Ann Sikes, the executive director for the Montgomery Education Foundation, confirmed the organization submitted an application for a public charter school plan that would impact up to five currently existing MPS schools.

Sikes said MEF called the proposed plan the "Lanier Conversion Plan" because it includes Sidney Lanier High School and the schools that feed into it: Floyd Elementary, E.D. Nixon Elementary, Davis Elementary and Bellingrath Middle School.

The type of public charter schools MEF applied are conversion public charter schools, which means they hope to takeover an existing school and offer zoning preference to the students who already attend.
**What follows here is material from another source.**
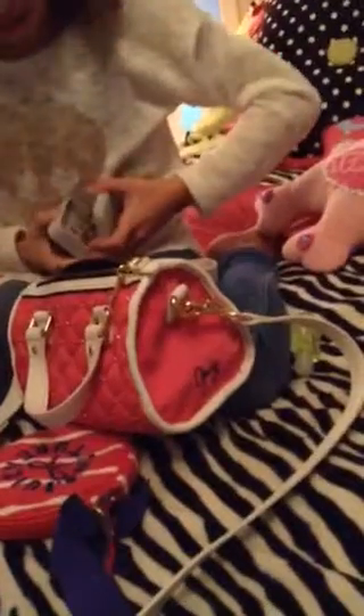She just has a bunch of random stuff in here. What, why is this in here, Claire? She just keeps a bunch of random stuff in here.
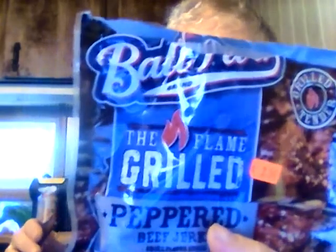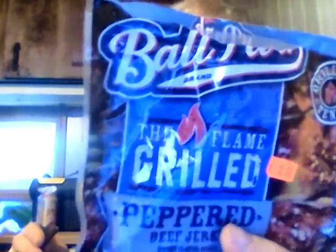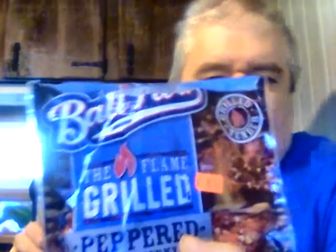I give the Ballpark Flame Grilled Peppered Beef Jerky a 7.5 out of 10. I hope y'all liked this video. Until next time, bye, please take care my legion.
However, families would have the option to opt out.

The plan lays out a four-year implementation process, with the first elementary school opening in Fall 2019, two more opening in 2020, the middle school converting in 2021 and the high school opening as early as 2022.

Floyd Elementary School is one of the schools set to close after this school year under Dr. Richardson's intervention plan for MPS. Sikes said MEF's application was based on the current schools available. There is pending litigation concerning that portion of the intervention plan, after the Alabama Education Association filed a lawsuit to prevent it. Sikes said, if Floyd were to close, the plan would not be too heavily impacted because it is likely many of the displaced students would be re-zoned to E.D. Nixon and Davis.

Typically, conversion public charter schools must be approved by local school boards. Although the MPS board became authorizers in January, Dr. Richardson is able to make board decisions under intervention.

School board president Robert Porterfield said the board was told the process would be a collaborative effort but there has been no collaboration.